[TASK ITEM]: Pictures in the data below are not part of the copy; transcribe everything else exactly.

[RECORDED DATA]:
* * * * *

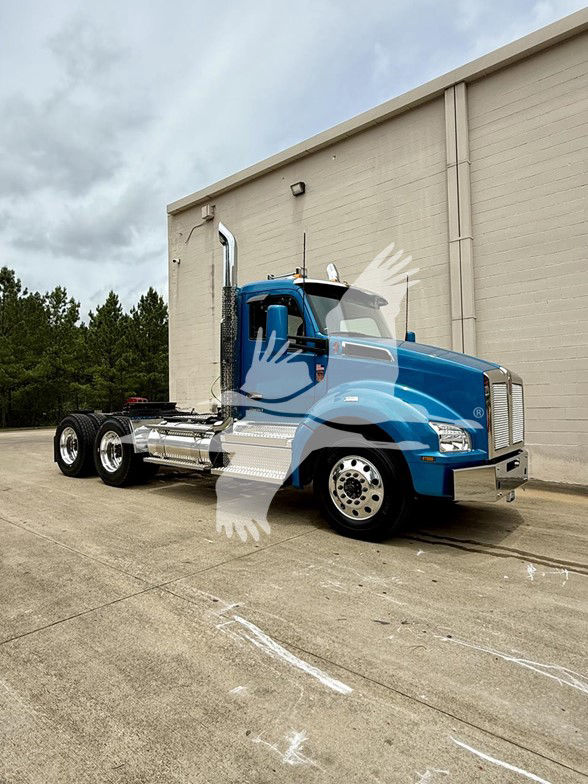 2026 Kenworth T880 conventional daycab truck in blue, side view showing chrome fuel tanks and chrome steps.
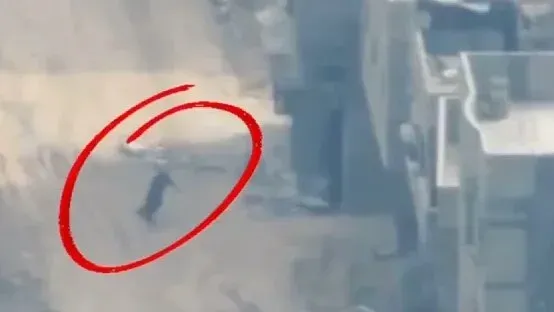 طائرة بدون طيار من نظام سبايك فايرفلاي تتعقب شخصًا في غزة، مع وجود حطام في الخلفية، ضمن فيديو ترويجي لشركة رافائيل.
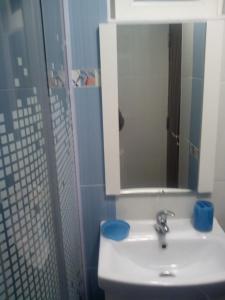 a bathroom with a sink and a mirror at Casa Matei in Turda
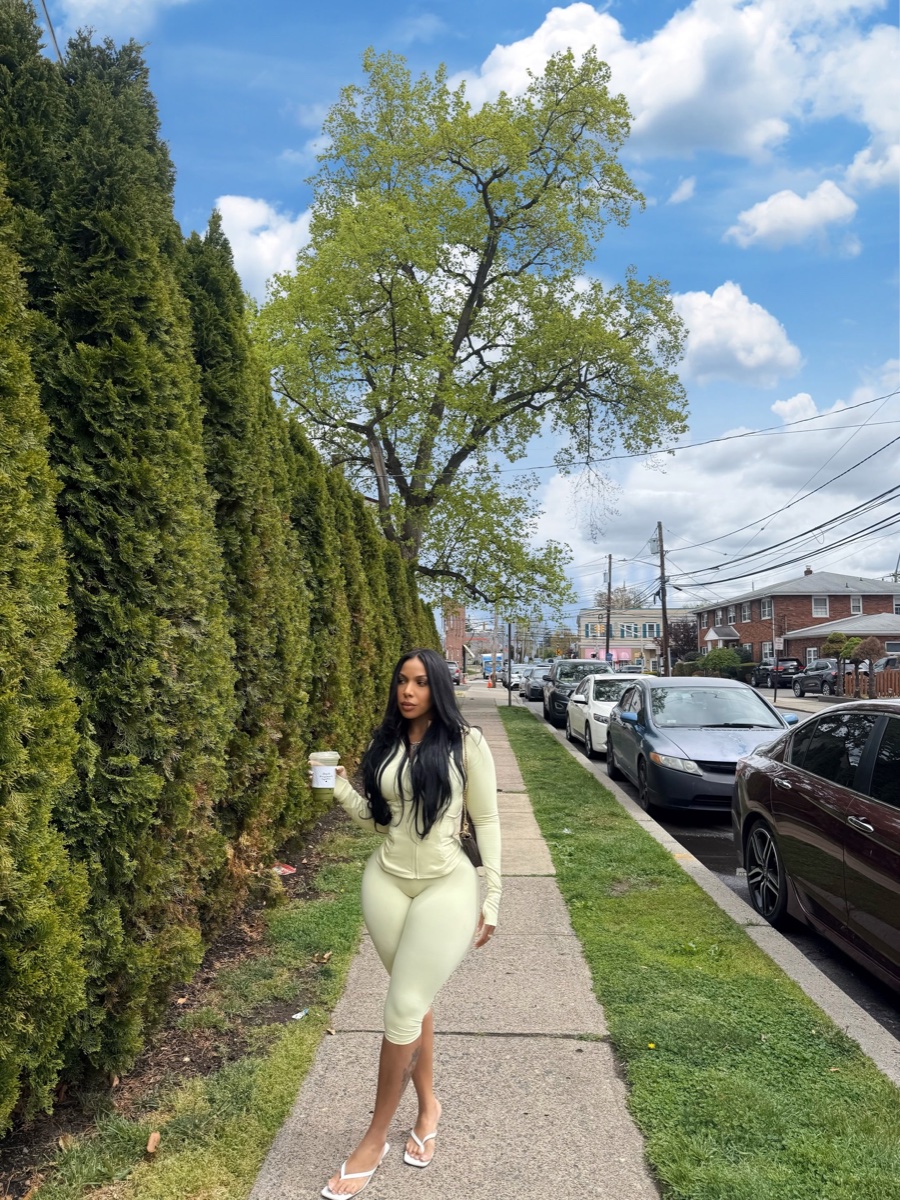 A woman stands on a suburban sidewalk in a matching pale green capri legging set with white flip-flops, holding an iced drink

* * * * *

[WORKED SOLUTION]:
 2026 Kenworth T880 conventional daycab truck in blue, side view showing chrome fuel tanks and chrome steps.
 طائرة بدون طيار من نظام سبايك فايرفلاي تتعقب شخصًا في غزة، مع وجود حطام في الخلفية، ضمن فيديو ترويجي لشركة رافائيل.
 a bathroom with a sink and a mirror at Casa Matei in Turda
 A woman stands on a suburban sidewalk in a matching pale green capri legging set with white flip-flops, holding an iced drink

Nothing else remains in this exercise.